Sampai Ginny terpaku dengan gadis bermata sipit di hadapannya. "Lalu kau, siapa namamu?" Ginny tak pernah melihatnya.
"Jae-hwa Chae, Mrs. Potter. Kebetulan saya juga murid Hogwarts juga." Sapanya sopan.
"Kau penyihir? Oh, ternyata. Tahun ke berapa?"
Jae-hwa menyebut tahun pertama dari Ravenclaw. Penuh kehangatan Ginny menyambut mereka untuk masuk ke rumah. James menjelaskan jika ban sepeda Jae-hwa pecah. Tidak ada bengkel di sekitar sana. Sehingga James berinisiatif untuk mengajaknya ke rumah. Agar ia dapat dibantu dengan sihir oleh Ginny atau Andromeda.
"Bawa sepedanya ke belakang, James. Kalau di sini, takut dilihat Muggle."

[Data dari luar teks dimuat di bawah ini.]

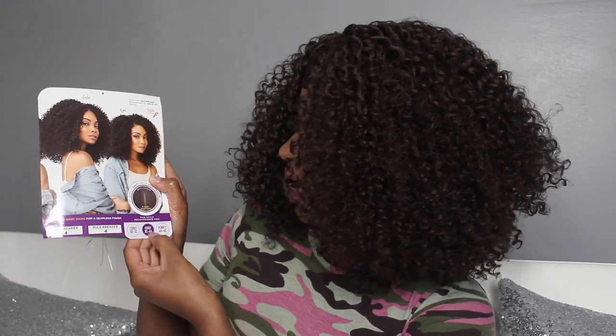Let's just address the elephant in the room — these wigs from this collection all pretty much are kind of the same. But now that I have another one, I can read the details. It has a different curl pattern, and that's the big difference. On Game Changer, the first one I reviewed — I will link that in the description box — it was like a 4B4C texture. This one is a 3C4A curl pattern.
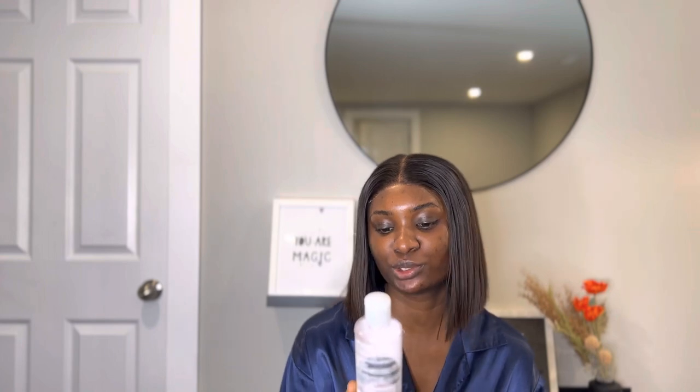After washing my face, the next thing I use is my toner. I use two toners. The one I mentioned alongside my face wash is the Neutrogena Rapid Clear two-in-one fight and fade toner.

James dan Scorpius yang sempat saling sapa dengan Albus memilih membawa sepeda itu ke sisi samping rumah. Sedangkan Jae-hwa ikut masuk dari pintu masuk.
"Ah, biar saya yang mendorong. Saya dengar anda baru saja pemulihan."
Jae-hwa mengambil alih kursi roda Albus dan membantu mendorongnya masuk.
"T-terima kasih." Ujar Albus salah tingkah.
"Tidak apa, kita dulu satu angkatan, bukan? Meski kau sudah tidak di Hogwarts, kita pernah satu sekolah."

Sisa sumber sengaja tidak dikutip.